Method 1 - fitting dN/dnMIP


Following the PHOBOS example, I have 18 bins in eta, and thus 18 dN/deta values that I can treat as "parameters" to vary to fit the data.  On this page, I varied them by hand, and things looked quite promising.  However.... when I give the problem to Minuit, it fails.  It is a 18-parameter fit, but honestly that's not so bad (speaking as an HBT guy).  The number of degrees of freedom are 16 times the number of bins in the nMIP distribution, which is typically 40 at least (binning of 0.1 nMNIP), so say 600 degrees of freedom.  Again, not outrageous, speaking as an HBT guy.

So... what's the problem?  Two problems:
  1. Probably the biggest one.  The "theory" curve comes from a Monte-Carlo-sampled (Poisson fluctuations on the number coming from any eta bin, then uniformly (if v1=v2=0) randomly distributed in z), from a random-sampling from the Vz distribution, then random Landau energy loss in the tiles, to produce the nMIP spectra.  Which is fine..... except..... Minuit requires that a fixed set of input parameters makes exactly the same chi2 (or whatever is being minimized), and this random business just won't do that.  It drives the minimizer crazy and it won't converge.  Generating 50,000 events per iteration gives chi2 fluctuations on the order of 5%, even when having THE SAME VALUES of dN/deta.  This is out of reach.
  2. Also.... the dN/dnMIP distributions look pretty good!  (Again see here.)  But.... hey they are not perfect.  Why would they be?  The simulator assumes every particle is a MIP and all particles pass through the material at the same angle, and the response of the tile is uniform across its face.  These are not horrendous assumptions, but with so many degrees of freedom, you really do want to have the "right" theory.  E.g. here is figure 7 from the EPD NIM paper (arxiv.org/abs/1912.05243) where there is clearly a ~20% variation in "gain" across the face of the typical tile:

Figure 1 - Figure 7 from the EPD NIM article, showing the results of an x-y scan over the position of ionization in a supersector.  See the article for details.

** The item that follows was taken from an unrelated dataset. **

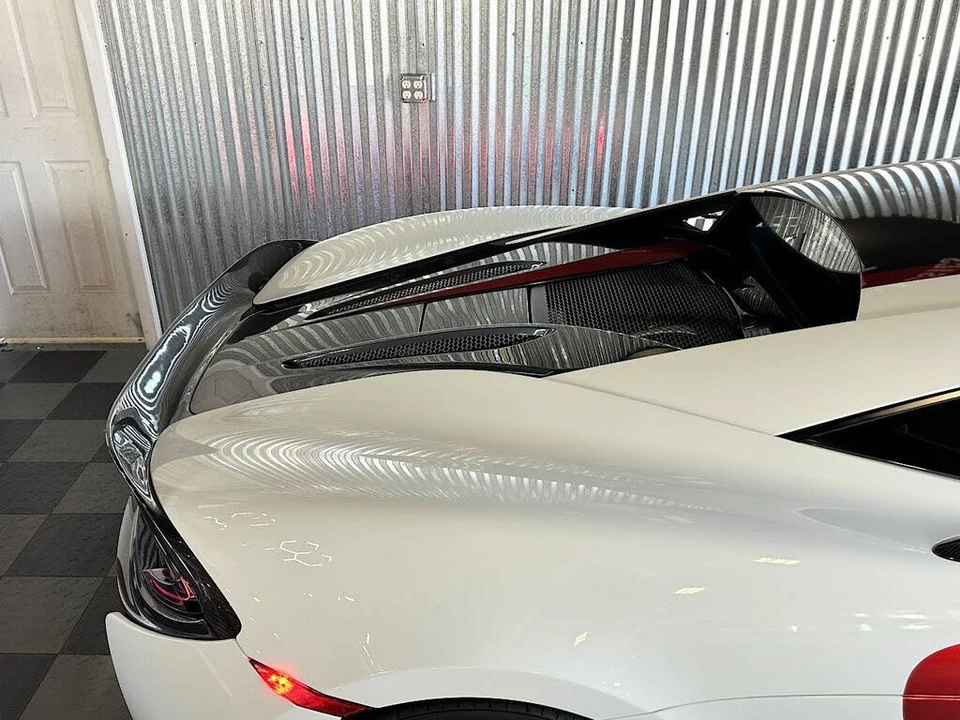 2016 McLaren 570S - Image 26 of 31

In retrospect, both of these problems could have been expected.


Method 2 - Fitting dN/d#MIP


First of all, sorry for the naming convention here.  In EPD parlance, "nMIP" is basically "gain-calibrated ADC value."  It is a continuous variable, and the calibration is such that "nMIP=1" is at the MPV (most probable value) of the single-MIP distribution.  ("MIP" = minimally ionizing particle.)  So, a tile can easily have nMIP=1.5 in some event.

I now want to define "#MIP" which is really the number of MIPs that pass through a tile in a given event.  Two differences from nMIP
  1. It is an integer value, unlike nMIP which is a continuous value.
  2. Whereas a tile has a well-defined nMIP value for every event, #MIP cannot be determined event-by-event.  Rather, one takes the nMIP distribution and does a multi-MIP fit, to extract the fraction of times 0, 1, 2, 3, 4... MIPs passed through the tiles, on a statistical basis.
So, the approach here would be to
  1. measure the dN/nMIP spectra for the 16 rings (just like in Method 1)
  2. fit the dN/nMIP spectra to extract dN/d#MIP distributions for the 16 rings  (see here for just one maybe 50 pages discussing this)
  3. give Minuit the 18 values of dN/deta as parameters, and demand that it produce (again, through EpdFastSim) the same dN/d#MIP spectra as in the data.

Why might this be better than Method 1?  Well, it removes (1) the randomness of the Landau fluctuations and (2) fine details like the non-uniformity of response at the cm-scale.  Both of these things were simply "distracting details" that can only hurt the fit convergence, not providing extra information.

The following two sets of plots should indicate how well we can determine the fraction of 1-,2-3-,n-hit events, for each ring:



Figure 2 - STAR measurements of nMIP (calibrated ADC) distributions from 10-40% Au+Au collisions at 27 GeV, meassured in 2019.  All 12 tiles of Ring 1 contribute to the Ring 1 plot, while all 24 tiles of ring M contribute to the Ring M plot.  East and West rings are plotted separately.  Black histogram=data.  Red line=Multi-MIP fit to the data.  Shaded regions = contributions from one (grey), two (red), three (green), four (blue) and five (yellow) hit events are shown.  These sum to make the red line.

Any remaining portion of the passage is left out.